この本のなかでトールキンは、妖精物語(フェアリー・テイル)にたいする世間一般の誤解にたいし異議を唱え、物語形式(ジャンル)としての妖精物語の確立を訴える。前者の世間の誤解については、例えば妖精というと小さいというイメージが想い起こされるが、概して人間のほうが小さいということ、また妖精は超自然的存在のように見られるが実は自然の側にいて、人間が自然の埒外にいるのだということなどが指摘される。さらに後者のジャンルについては、「何でないか」ということで定義される。意図的に子供向けに(大人の勝手で子供像を捏造して)書かれた話ではなく、旅をすることはあっても旅物語ではないし、また夢物語や動物寓話でもないといったことなどである。

ファンタジーは基本的には、第一世界(現実世界)にたいし第二世界を誘惑(魔法)によって<準創造(subcreation)>するものであるとされる。そしてトールキンにとってそれは文学に他ならず、創造された物語世界への導きとしてとくに形容詞の働きを重視する。(例えば「緑の太陽」という言葉が喚起させるものなど。) つまり妖精物語は、文字で書かれた文学固有の表現ジャンルとされるのだ。したがって演劇という手段によるファンタジー表現の困難さも指摘される。(映画については書かれていない。)

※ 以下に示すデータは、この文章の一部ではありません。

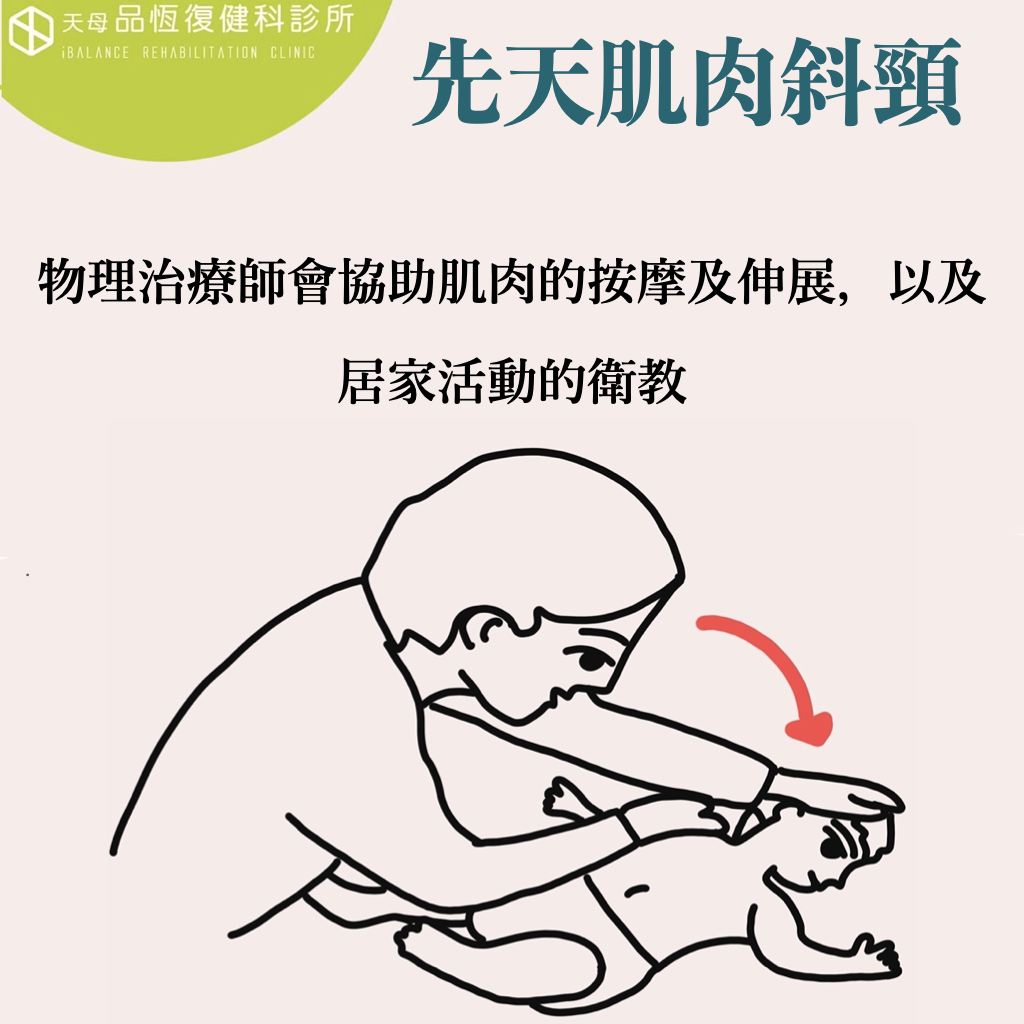 寶寶頭歪一邊 : 先天肌肉斜頸 寶寶頭歪一邊 : 先天肌肉斜頸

このオックスフォードの言語学・英文学者の物語を、(時代は違うが)同じ大学の数学(論理学)教師ルイス・キャロルの『アリス』のそれと比較すると、それぞれの学問領域という背景が影響しているようでおもしろい。ふたりの物語は対極にあるといってもいいのだ。(トールキンは『アリス』の物語をファンタジーとは見ていない。) 例えばトールキンの物語には「願い」があって、「アリス」にはそれがない。トールキンにあってその願いは、読者のものでもあり、また主人公たちのものでもあり、それらは<幸福な結末への慰み(ハッピー・エンディング)>へと結ばれてゆく。時間はその大団円に向かって怒涛のように流れ、その渦の中で日常的な倦怠の時間感覚を超越する。

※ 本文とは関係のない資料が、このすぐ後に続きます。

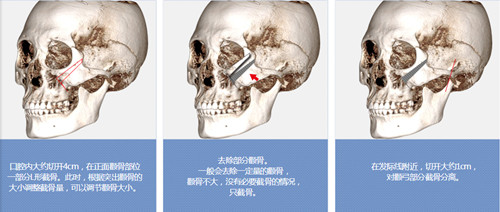 狎鸥亭哪家整形医院做颧骨技术受欢迎？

あのような物語(グリム童話の「白槙(びゃくしん)の木」のこと)は異次元の<時>への扉を開く。その扉を通ると、ほんの一瞬だがわたしたちはこの現実世界の時間の外、おそらく<時>そのものの外に立っているのだ。

 
一方の『アリス』では、ストーリーは夢(悪夢)から覚めて終わる。「論理」の世界に時間はない。さらに神も妖精もいない世界だ。登場人物たちには、固有名詞で表される「他にない・かけがいのなさ」といったものはなく、代わりに「白ウサギ」といった<種>の名前、つまり代入可能な変数や記号で呼ばれる。
とはいっても、「物語」であるということは、いやおうなしに時間の世界に入り込むことでもある。しかし『アリス』の物語は、その時間を受け入れることも拒絶し、時間の順序を転倒させたりする。そうしたあらゆる努力と方策によって、ルイス・キャロルのノンセンスは細部に渡って意味を拒絶し通し、そもそもこの世界には意味の根拠性などないのだということを示そうとしているかのようだ。

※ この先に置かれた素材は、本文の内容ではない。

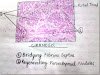 Diagram Of Liver Cirrhosis - 1 212 Cirrhosis Illustrations Clip Art Istock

妖精というのは聖霊のことでもあり、そしてキリスト教が広まる以前にヨーロッパにいた神々やスピリットでもある。神話の世界では有形無形のそうした者たちが、さまざまな活躍をしていた。神話も妖精物語と同じく、準創造であるとトールキンは言う。妖精物語というのは彼にとって、かって生き生きとしていた人間と自然との関わりを取り戻し、世界に意味と希望を与えるという神話の役割を現代において果たそうとするものなのだろう。
そうした点においても、常識的な意味を揺るがすルイス・キャロルのノンセンス文法と、形容詞を駆使して常識的な意味を超えた新しい意味を生み出そうとするトールキンのファンタジー文法との違いが表れているのではないだろうか。あるいは、この世界が実は隙間だらけであり、そこを覗かせてくれるか、それとも実は隙間には妖精たちが住んでいて、けっきょく世界は意味で充満されるということを教えてくれるのかの違いといえるかもしれない。

 
 更新時間とネタがないので、他で書いたのを流用。日記としての意味がないなあ……。